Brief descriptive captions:
▬▬▬▬▬▬

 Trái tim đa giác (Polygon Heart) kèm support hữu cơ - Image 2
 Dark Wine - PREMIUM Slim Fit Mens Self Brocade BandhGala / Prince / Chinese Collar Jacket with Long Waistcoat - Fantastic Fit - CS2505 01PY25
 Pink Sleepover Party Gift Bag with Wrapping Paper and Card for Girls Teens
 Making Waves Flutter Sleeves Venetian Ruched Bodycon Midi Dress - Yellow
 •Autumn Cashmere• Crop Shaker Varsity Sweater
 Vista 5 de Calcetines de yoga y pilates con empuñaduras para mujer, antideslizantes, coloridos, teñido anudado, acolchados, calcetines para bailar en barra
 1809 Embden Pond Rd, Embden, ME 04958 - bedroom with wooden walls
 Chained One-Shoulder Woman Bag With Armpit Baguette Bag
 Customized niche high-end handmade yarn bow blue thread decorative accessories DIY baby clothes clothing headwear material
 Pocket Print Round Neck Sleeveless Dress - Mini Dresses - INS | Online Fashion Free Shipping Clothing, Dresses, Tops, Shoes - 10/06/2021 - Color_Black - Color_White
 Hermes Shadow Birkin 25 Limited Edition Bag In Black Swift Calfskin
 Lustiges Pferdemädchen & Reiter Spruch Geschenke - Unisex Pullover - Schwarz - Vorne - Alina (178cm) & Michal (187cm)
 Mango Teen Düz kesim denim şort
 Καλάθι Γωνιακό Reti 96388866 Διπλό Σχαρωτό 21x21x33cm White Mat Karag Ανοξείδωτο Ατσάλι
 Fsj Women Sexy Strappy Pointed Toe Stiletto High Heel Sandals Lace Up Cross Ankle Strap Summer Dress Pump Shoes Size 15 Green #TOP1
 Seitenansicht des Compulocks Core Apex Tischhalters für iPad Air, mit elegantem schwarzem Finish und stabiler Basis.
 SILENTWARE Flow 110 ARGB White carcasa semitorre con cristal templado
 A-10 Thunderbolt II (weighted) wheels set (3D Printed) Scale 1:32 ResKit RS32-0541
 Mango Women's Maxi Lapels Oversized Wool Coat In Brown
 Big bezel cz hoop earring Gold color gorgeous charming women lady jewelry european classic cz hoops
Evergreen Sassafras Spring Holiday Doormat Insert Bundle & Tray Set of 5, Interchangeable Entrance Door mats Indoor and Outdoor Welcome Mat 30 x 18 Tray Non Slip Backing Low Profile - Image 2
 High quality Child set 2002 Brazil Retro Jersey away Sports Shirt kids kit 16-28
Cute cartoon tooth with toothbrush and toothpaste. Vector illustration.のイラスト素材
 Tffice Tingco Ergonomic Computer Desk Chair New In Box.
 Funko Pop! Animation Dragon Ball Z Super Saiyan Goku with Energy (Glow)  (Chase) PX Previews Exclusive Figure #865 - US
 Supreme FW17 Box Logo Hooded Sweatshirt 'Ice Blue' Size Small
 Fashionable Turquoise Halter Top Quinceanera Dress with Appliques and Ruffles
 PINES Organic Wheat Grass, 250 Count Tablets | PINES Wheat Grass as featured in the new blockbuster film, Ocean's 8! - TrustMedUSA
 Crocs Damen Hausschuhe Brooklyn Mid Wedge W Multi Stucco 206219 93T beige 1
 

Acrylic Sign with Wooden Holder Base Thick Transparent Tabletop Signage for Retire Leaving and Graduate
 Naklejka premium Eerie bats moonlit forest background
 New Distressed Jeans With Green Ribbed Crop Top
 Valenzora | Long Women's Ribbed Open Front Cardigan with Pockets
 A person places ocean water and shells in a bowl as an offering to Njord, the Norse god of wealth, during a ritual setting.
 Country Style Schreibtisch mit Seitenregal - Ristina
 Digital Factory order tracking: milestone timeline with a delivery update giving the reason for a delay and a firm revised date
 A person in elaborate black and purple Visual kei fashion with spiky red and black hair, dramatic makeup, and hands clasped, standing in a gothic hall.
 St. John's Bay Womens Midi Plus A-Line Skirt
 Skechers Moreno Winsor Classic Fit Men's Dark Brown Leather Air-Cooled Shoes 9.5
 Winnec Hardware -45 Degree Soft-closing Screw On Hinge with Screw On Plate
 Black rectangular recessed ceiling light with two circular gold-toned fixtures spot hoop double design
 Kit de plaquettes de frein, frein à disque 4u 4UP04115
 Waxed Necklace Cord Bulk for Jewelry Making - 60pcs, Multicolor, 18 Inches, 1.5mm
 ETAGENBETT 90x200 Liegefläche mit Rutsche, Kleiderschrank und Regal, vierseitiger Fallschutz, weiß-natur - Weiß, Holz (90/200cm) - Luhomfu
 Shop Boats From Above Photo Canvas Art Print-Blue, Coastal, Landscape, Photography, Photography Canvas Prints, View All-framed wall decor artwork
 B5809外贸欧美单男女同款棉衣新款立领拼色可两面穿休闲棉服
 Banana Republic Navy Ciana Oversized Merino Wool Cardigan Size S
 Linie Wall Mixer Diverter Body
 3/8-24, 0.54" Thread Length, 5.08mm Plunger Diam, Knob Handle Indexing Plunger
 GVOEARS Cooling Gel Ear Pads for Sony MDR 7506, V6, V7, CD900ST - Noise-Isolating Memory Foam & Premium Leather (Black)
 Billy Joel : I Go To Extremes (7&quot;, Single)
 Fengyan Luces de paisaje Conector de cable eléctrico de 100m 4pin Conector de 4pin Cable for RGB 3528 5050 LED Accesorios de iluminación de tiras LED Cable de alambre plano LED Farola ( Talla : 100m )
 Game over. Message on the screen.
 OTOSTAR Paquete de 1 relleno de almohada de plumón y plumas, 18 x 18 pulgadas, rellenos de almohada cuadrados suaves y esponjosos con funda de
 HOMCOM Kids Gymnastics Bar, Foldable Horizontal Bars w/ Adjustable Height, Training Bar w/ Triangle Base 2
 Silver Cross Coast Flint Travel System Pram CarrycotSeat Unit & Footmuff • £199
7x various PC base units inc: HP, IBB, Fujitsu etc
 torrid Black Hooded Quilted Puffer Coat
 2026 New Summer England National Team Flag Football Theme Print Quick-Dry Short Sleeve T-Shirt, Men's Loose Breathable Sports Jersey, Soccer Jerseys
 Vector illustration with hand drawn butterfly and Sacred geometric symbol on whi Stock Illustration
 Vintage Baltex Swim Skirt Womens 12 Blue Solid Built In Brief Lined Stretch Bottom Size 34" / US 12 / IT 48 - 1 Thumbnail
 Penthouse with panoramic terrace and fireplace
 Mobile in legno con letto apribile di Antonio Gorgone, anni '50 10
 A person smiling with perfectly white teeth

▬▬▬▬▬▬

--- ASSIGNMENT ---
Show all lines from the data that contain "Leather".

--- ANSWER TO THIS PROBLEM ---
 Skechers Moreno Winsor Classic Fit Men's Dark Brown Leather Air-Cooled Shoes 9.5
 GVOEARS Cooling Gel Ear Pads for Sony MDR 7506, V6, V7, CD900ST - Noise-Isolating Memory Foam & Premium Leather (Black)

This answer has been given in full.